Question:
Draw two concentric circles of radii 3 cm and 5 cm. Taking a point on outer circle construct the pair of tangents to the other. Measure the length of a
tangent and verify it by actual calculation.
Solution:
Given, two concentric circles of radii 3 cm and 5 cm with centre 0. We have to draw pair of
tangents from point P on outer circle to the other.
Steps of construction
- Draw two concentric circles with centre 0 and radii 3 cm and 5 cm.
- Taking any point P on outer circle. Join OP.
- Bisect OP, let M’ be the mid-point of .

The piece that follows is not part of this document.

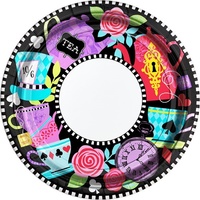 Alice In Wonderland Party Supplies - Mad Hatter Tea Party Lunch Plates Round 8 pack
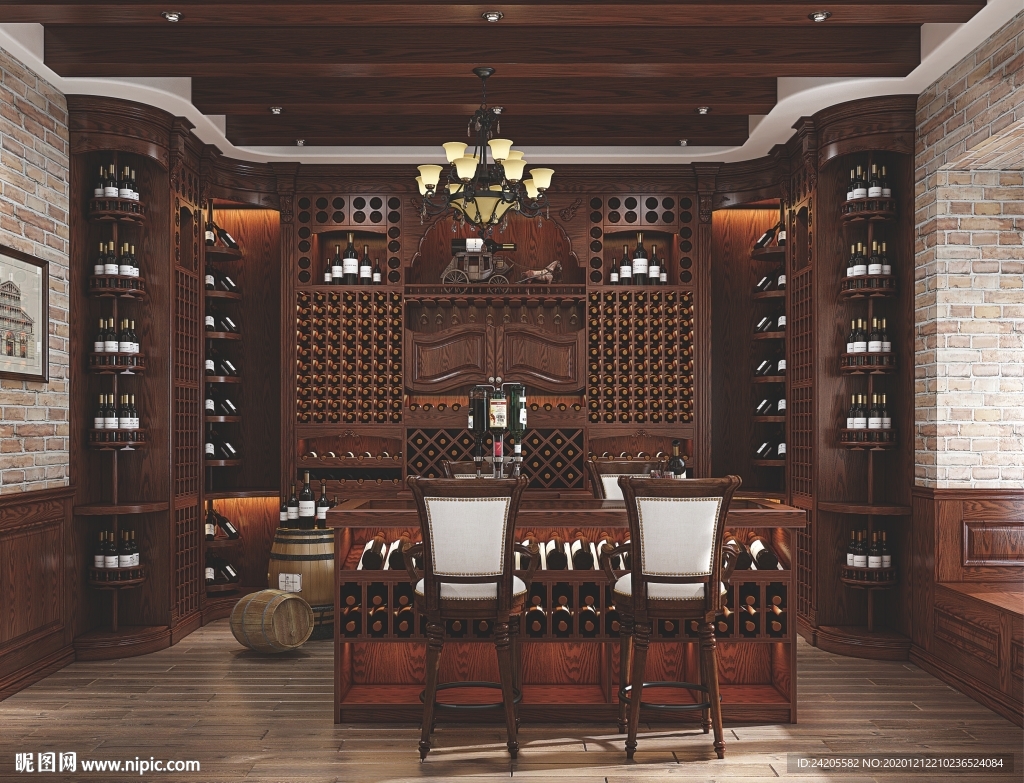 全屋定制餐厅实木酒柜酒窖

Taking M’ as centre and OM’ as radius draw a circle dotted which cuts the inner circle at M and P’. - Join P M and PP’. Thus, PM and PP’ are the required tangents.
- On measuring PM and PP’, we find that PM = PP’ = 4 cm.
Actual calculation
In right angle $\triangle O M P$, $\angle P M O=90^{\circ}$
$\therefore$ $P M^{2}=O P^{2}-O M^{2}$
[by Pythagoras theorem i.e. (hypotenuse) $^{2}=(\text { base })^{2}+$ (perpendicular) $^{2}$ ]
$\Rightarrow \quad P M^{2}=(5)^{2}-(3)^{2}=25-9=16$
$\Rightarrow \quad P M=4 \mathrm{~cm}$
Hence, the length of both tangents is $4 \mathrm{~cm}$.